(Pictures with short captions)
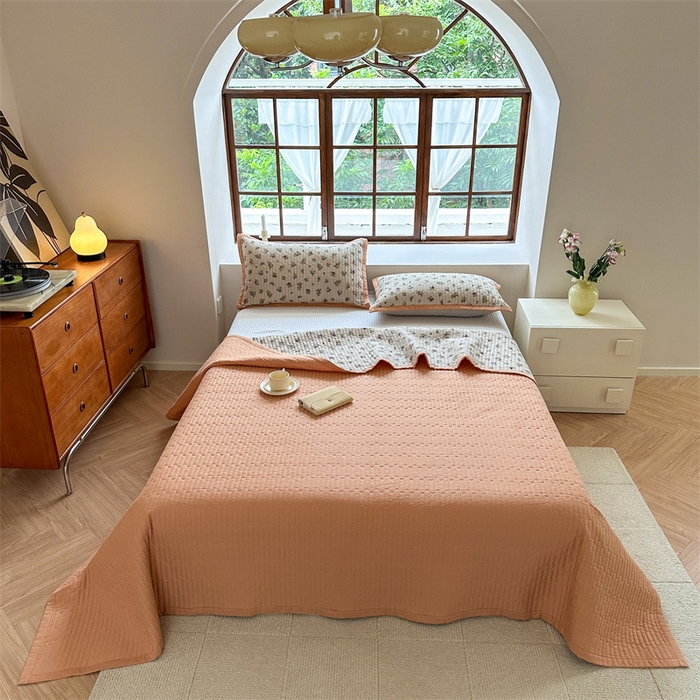 91家纺网 家纺一手货源 找家纺 美优兰 2023新款双面全棉水洗床盖 尤美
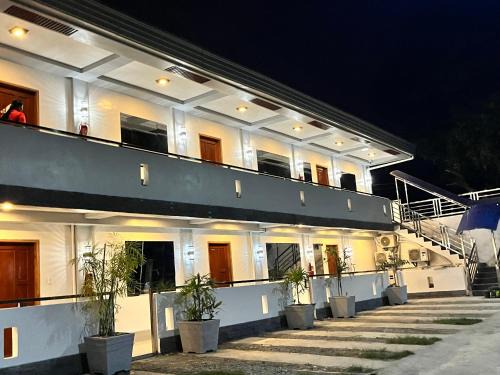 Caba Hotel | RRJJ's TRANSIENT - A minute walk away from the beach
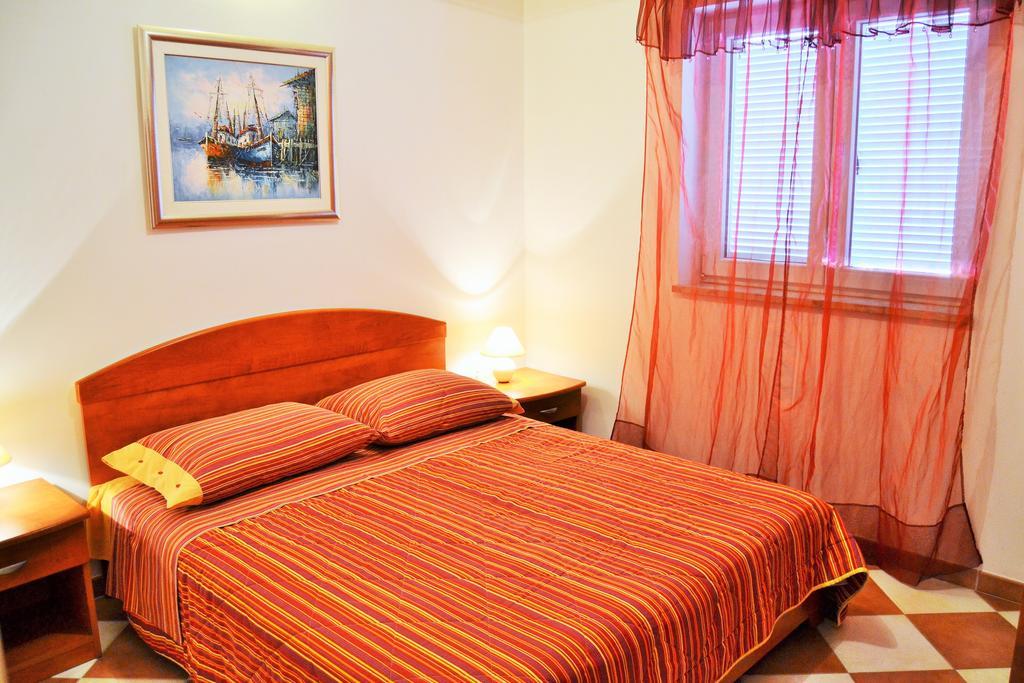 Apartments Green Village Premantura Room photo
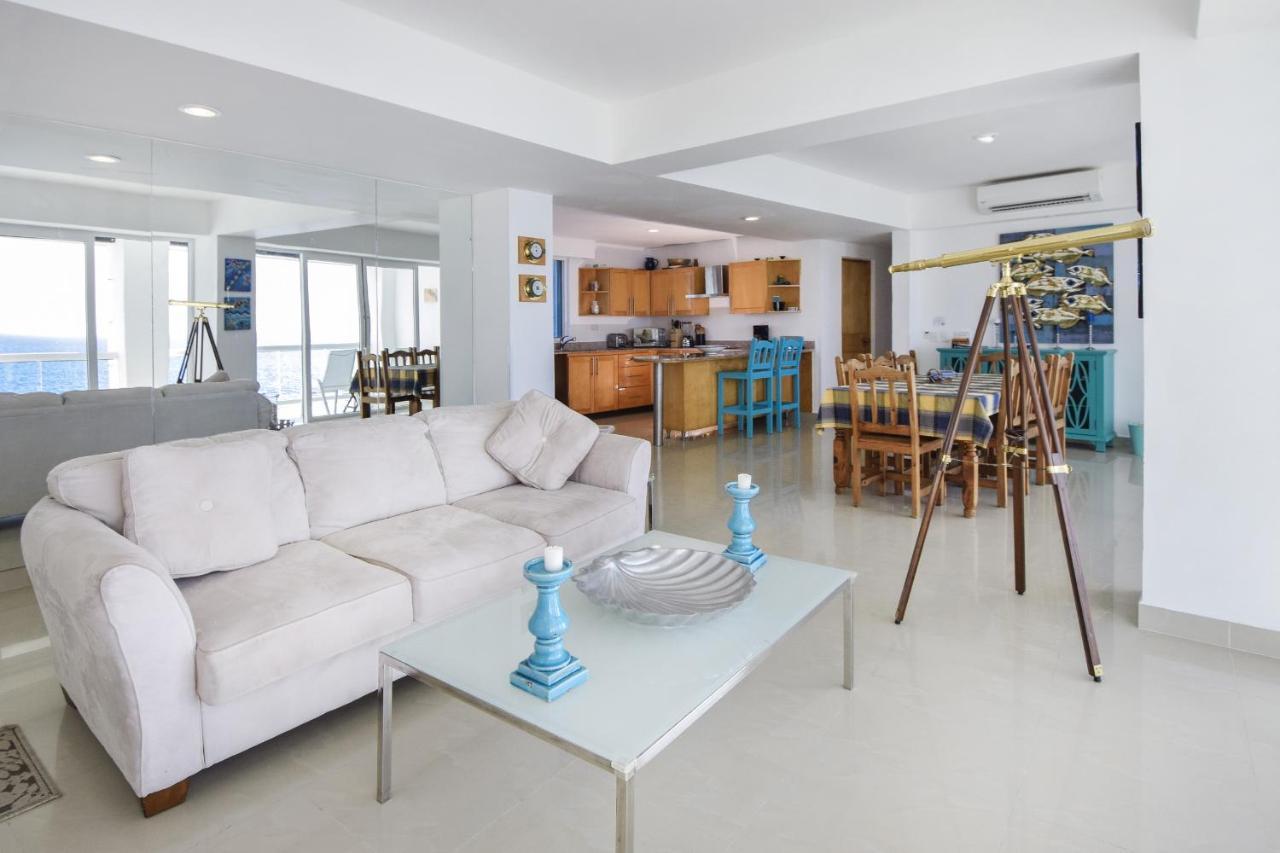 Peninsula Grand By Your Way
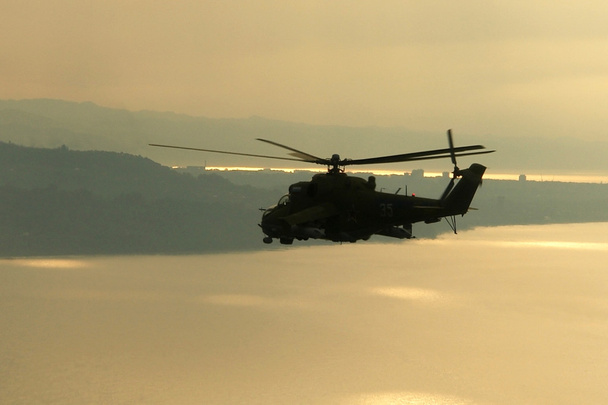 Cannoniere elicottero in volo
 - Foto, immagini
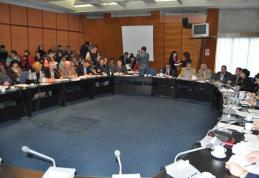 Primăriile nu vor putea folosi banii alocaţi de Consiliul Judeţean. Vezi motivel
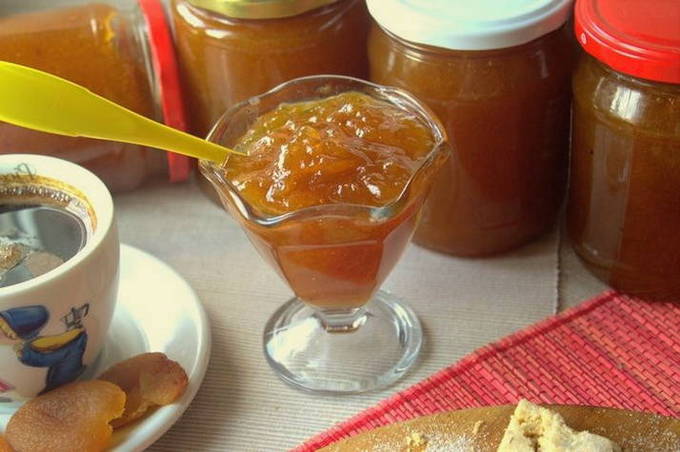 Gelbes Kirschpflaumengelee für den Winter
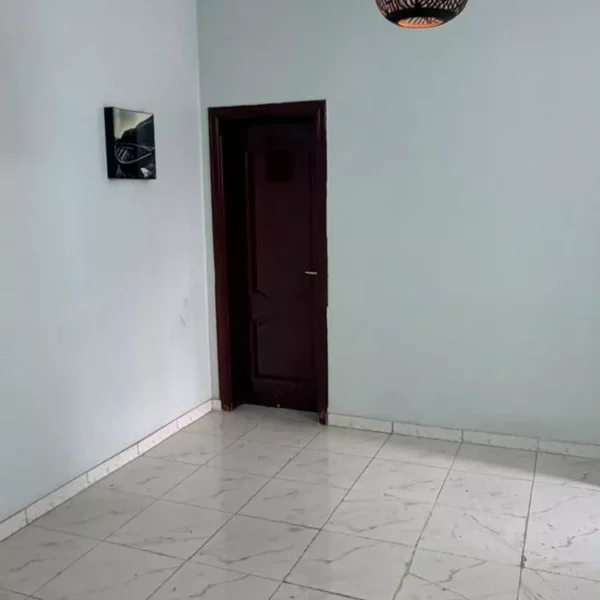 شقةة بريقاا 600x600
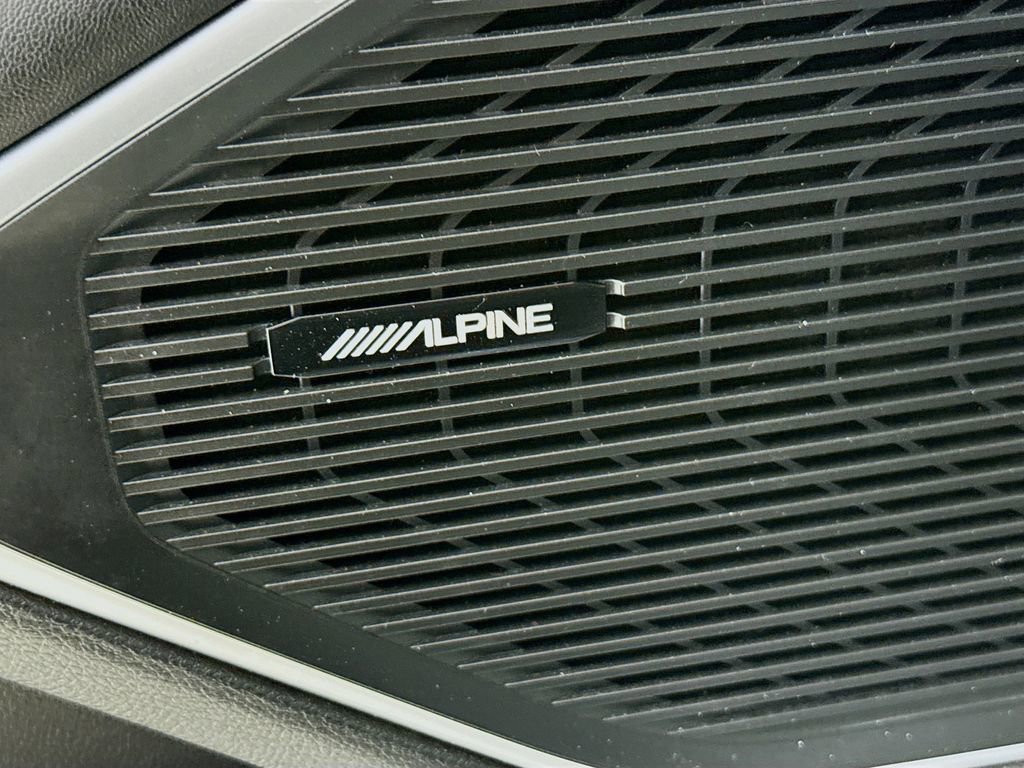 Used 2023 Jeep Wagoneer Series III w/ Preferred Equipment Group image 21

# WORK TO COMPLETE
Find the line that contains "Peninsula Grand By Your Way", then write out that line and each one after it, exactly and with nothing else, through the end of the entries above, without the pictures.

# OUTPUT
 Peninsula Grand By Your Way
 Cannoniere elicottero in volo
 - Foto, immagini
 Primăriile nu vor putea folosi banii alocaţi de Consiliul Judeţean. Vezi motivel
 Gelbes Kirschpflaumengelee für den Winter
 شقةة بريقاا 600x600
 Used 2023 Jeep Wagoneer Series III w/ Preferred Equipment Group image 21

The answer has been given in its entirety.